> [Goal of the exercise] Apart from the pictures, reproduce the data below exactly as it stands.

> [Data segment]
[Start of Attachment]

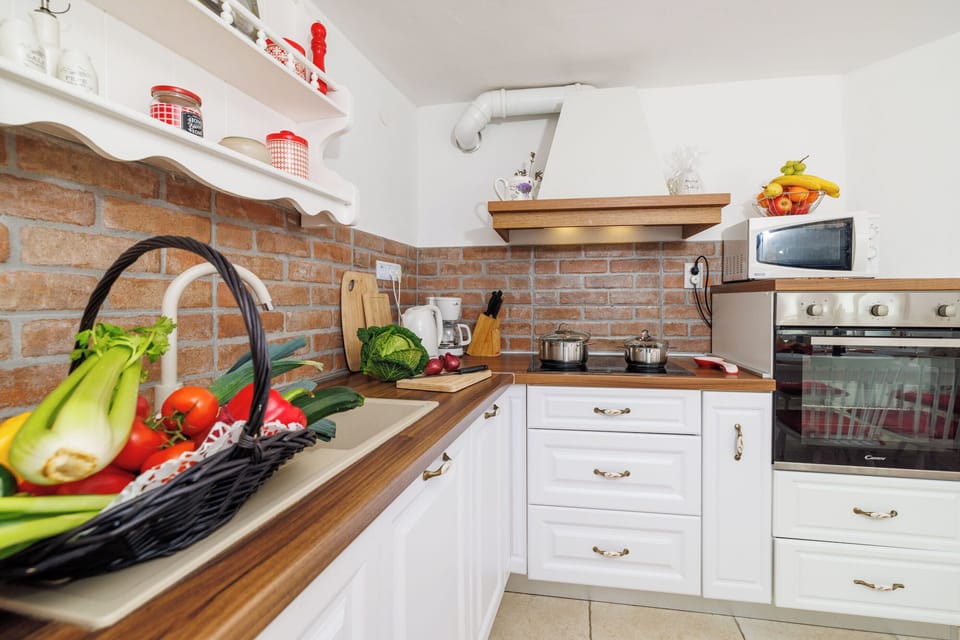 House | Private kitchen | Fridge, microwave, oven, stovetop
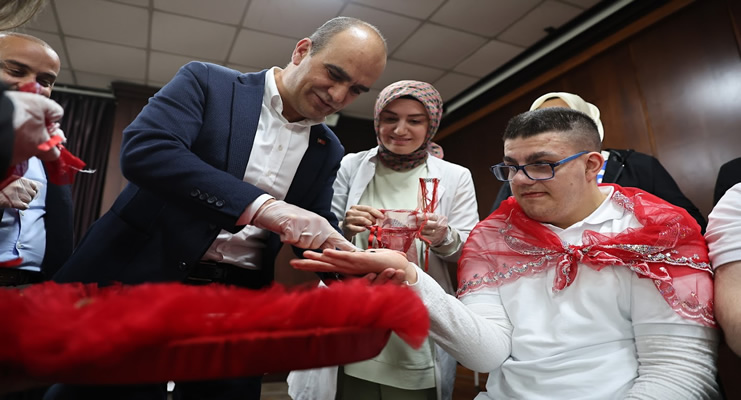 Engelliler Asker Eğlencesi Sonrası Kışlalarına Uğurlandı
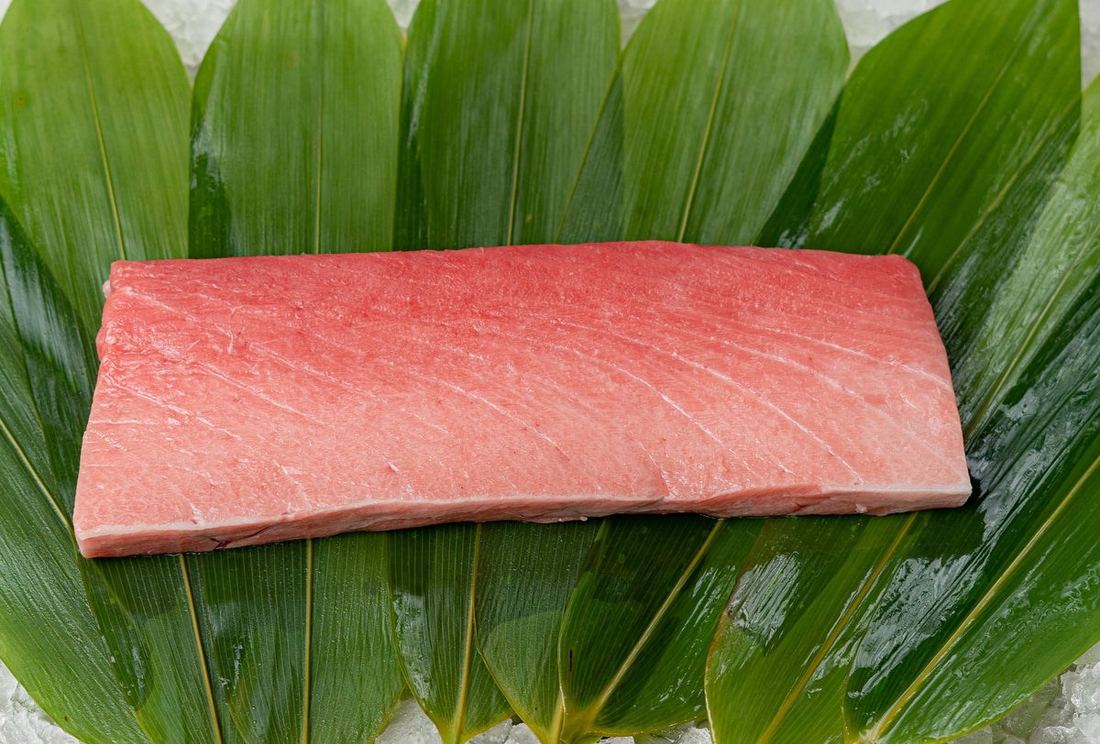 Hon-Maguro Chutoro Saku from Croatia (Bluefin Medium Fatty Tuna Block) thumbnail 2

[End of Attachment]

> [Problem solution]
 House | Private kitchen | Fridge, microwave, oven, stovetop
 Engelliler Asker Eğlencesi Sonrası Kışlalarına Uğurlandı
 Hon-Maguro Chutoro Saku from Croatia (Bluefin Medium Fatty Tuna Block) thumbnail 2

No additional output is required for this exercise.